Figure 5. Involvement of AafA and site-directed-mutants in biofilm formation and binding to fibronectin.

(A) Biofilm quantification. Bacteria were cultivated in LB for 20 h at 37°C in 24-well dishes and induced with 0.2% arabinose. Biofilms were fixed and stained with crystal violet, and then the stains were solubilized and quantitated spectrophotometrically at 450 nm. The bars represent the means of the results from triplicate wells; error bars indicate one standard deviation. Wt, wild type EAEC042, ΔaafA, EAEC042aafA mutant. All residues tested were mutated to Ala except Thr18Ile and Thr38Leu. *, P<0.005. (B) Fibronectin binding. EAEC 042 derivatives harboring site mutations in aafA were added to 96-well plates coated separately with 25 µg/ml of fibronectin, and the binding was determined by collecting the cells adhered to wells by scraping them into PBS. The number of adherent bacteria was determined by counting the resulting colonies in duplicate and normalized to the wild type adherence (as a 100% adherence).
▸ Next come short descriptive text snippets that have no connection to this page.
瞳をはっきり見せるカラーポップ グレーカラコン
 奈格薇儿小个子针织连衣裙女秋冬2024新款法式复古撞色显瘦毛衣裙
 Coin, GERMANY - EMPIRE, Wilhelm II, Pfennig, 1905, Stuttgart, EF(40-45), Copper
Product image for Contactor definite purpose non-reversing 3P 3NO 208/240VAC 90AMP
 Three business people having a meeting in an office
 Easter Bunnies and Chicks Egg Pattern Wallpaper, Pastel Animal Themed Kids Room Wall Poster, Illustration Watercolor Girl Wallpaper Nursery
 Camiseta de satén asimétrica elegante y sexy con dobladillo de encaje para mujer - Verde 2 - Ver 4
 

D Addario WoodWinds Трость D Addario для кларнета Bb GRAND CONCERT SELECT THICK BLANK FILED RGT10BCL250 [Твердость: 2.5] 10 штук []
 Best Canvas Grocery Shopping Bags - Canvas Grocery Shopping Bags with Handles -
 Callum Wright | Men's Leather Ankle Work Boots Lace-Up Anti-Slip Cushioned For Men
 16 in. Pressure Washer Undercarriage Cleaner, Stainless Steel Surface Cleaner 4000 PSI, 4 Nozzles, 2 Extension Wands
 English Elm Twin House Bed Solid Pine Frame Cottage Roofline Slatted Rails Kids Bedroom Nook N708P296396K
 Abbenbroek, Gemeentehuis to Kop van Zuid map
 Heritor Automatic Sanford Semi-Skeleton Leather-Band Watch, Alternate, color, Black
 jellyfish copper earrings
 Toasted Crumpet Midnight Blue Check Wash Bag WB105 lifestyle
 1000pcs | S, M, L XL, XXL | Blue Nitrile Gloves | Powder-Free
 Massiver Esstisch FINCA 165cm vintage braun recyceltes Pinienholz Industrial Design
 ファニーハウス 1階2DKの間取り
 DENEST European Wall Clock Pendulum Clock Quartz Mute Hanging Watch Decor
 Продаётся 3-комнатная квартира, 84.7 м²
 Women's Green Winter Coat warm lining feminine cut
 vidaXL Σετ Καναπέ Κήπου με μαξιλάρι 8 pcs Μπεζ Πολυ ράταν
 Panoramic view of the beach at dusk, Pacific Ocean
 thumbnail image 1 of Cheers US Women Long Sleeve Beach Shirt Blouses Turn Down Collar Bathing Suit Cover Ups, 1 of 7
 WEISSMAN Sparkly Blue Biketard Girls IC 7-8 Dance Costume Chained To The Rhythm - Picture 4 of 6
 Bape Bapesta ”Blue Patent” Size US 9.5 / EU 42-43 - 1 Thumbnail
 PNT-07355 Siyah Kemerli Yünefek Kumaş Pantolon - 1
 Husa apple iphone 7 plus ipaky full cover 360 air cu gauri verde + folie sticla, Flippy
The bars represent the means for three experiments, with the error bars indicating 1 standard deviation. *, significantly different from EAEC042WT (P<0.005).(C) AafA surface expression. After induction of bacterial strains with 0.2% arabinose, cells were harvested, washed twice with PBS, and incubated with a polyclonal anti-aafA antibody (2 µg/ml) in PBS plus 1% bovine serum albumin for 1 h at room temperature with agitation. They were washed twice with PBS and incubated with a goat anti-rabbit IgG-fluorescein isothiocyanate (FITC) conjugate (10 µg/ml) for 30 min at room temperature in the dark. The washings were repeated, and the samples were resuspended in DAPI (4 mg/liter) and spread on slides for viewing by fluorescence microscopy.